For the entries below, copy exactly the line that contains "VUČIĆ SE SASTAO" through the line that contains "Korkuteli’nde kaybolan alzheimer", both ends included, and exclude all pictures.

**EXERCISE DATA:**
********************
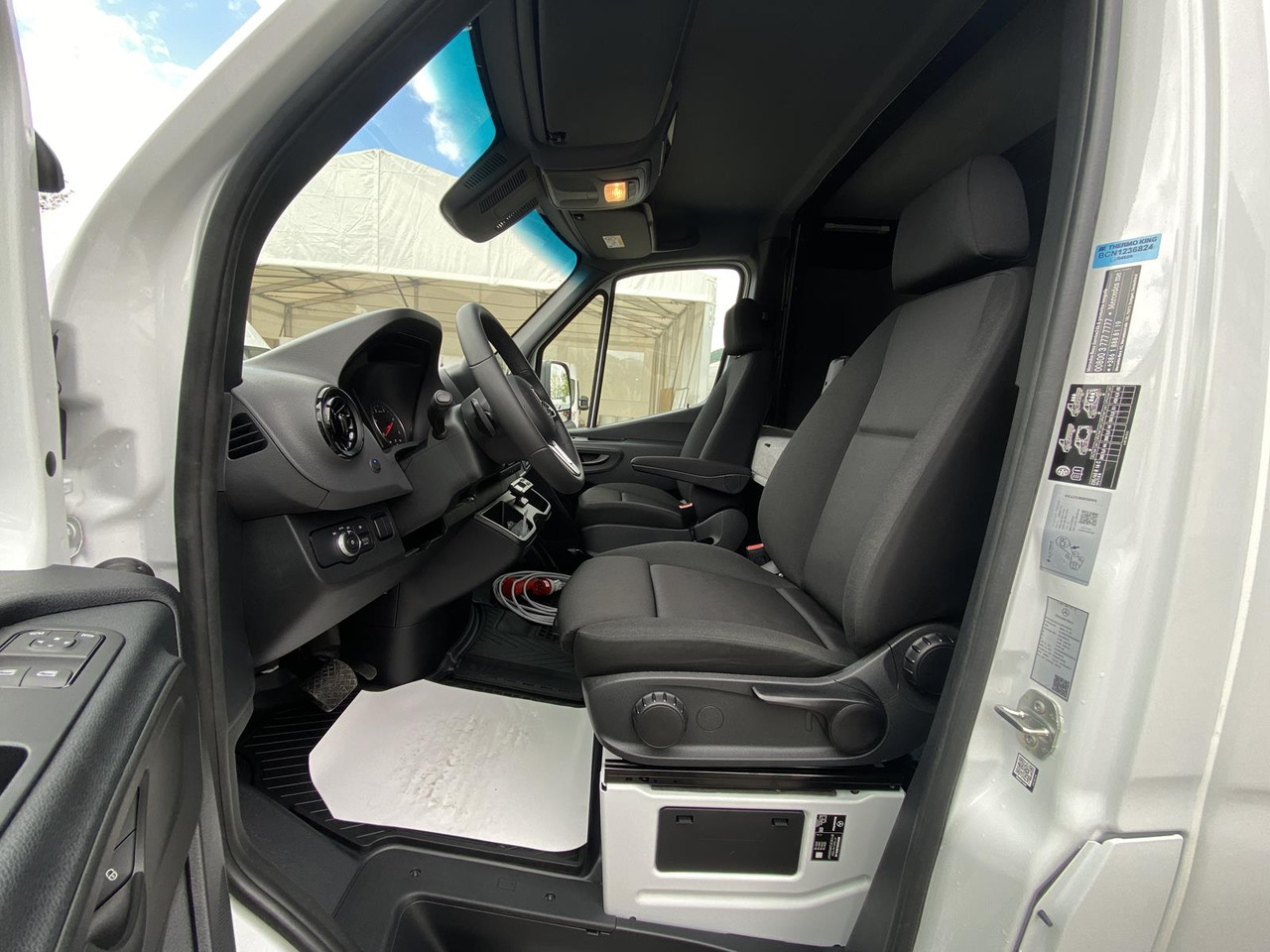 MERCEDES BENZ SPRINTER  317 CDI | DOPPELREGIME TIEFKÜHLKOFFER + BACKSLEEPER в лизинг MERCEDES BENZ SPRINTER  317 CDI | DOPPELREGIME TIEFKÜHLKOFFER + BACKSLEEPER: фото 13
********************
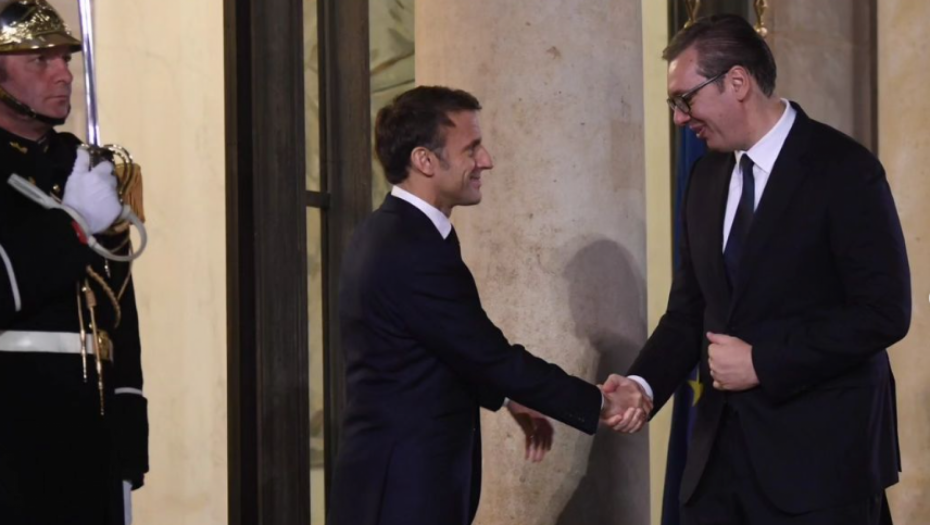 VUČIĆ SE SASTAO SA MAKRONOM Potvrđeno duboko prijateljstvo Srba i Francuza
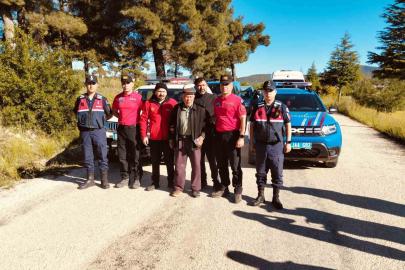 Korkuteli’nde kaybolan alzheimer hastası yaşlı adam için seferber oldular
********************
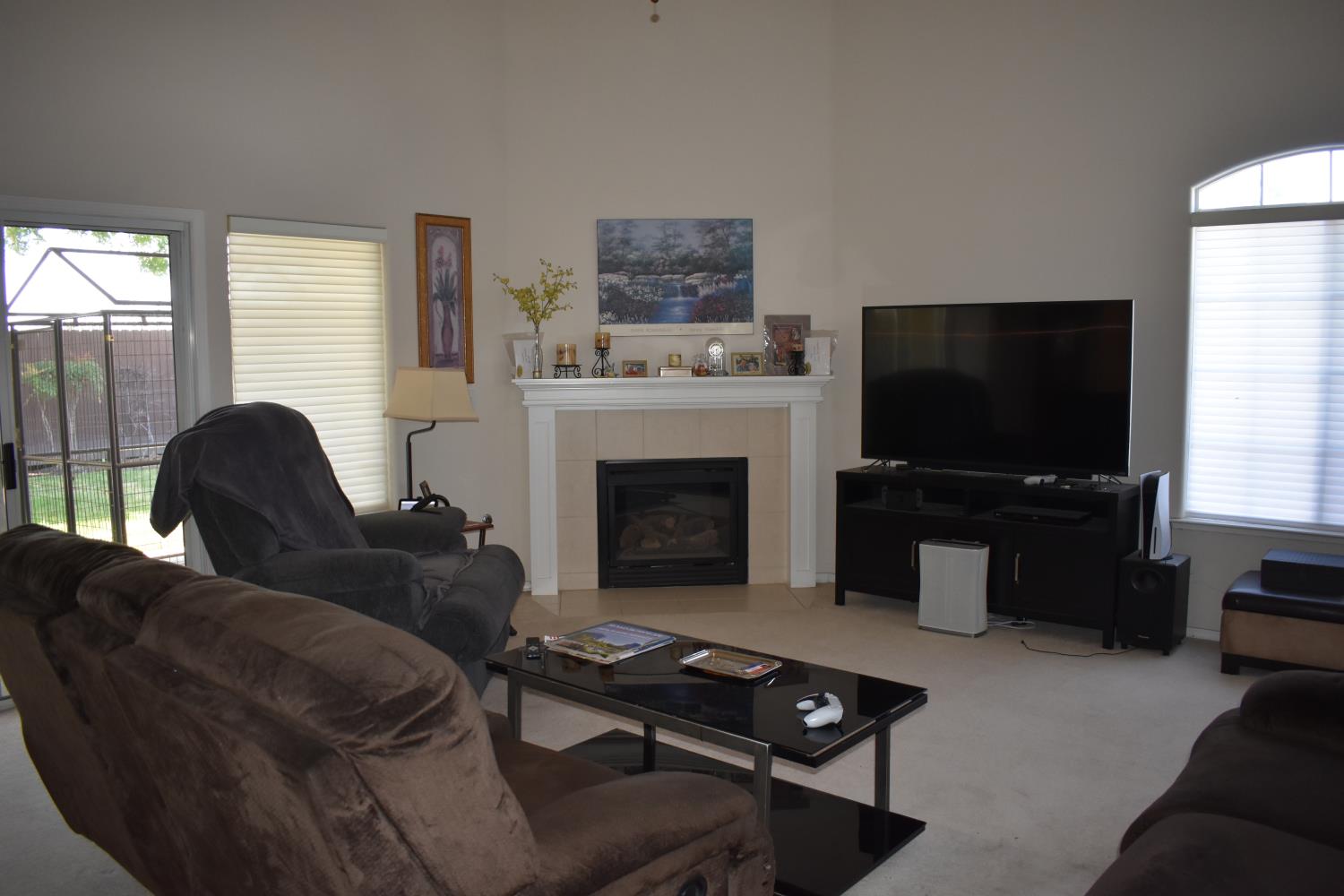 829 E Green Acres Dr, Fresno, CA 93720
********************
**SOLUTION FOR THIS EXERCISE:**
 VUČIĆ SE SASTAO SA MAKRONOM Potvrđeno duboko prijateljstvo Srba i Francuza
 Korkuteli’nde kaybolan alzheimer hastası yaşlı adam için seferber oldular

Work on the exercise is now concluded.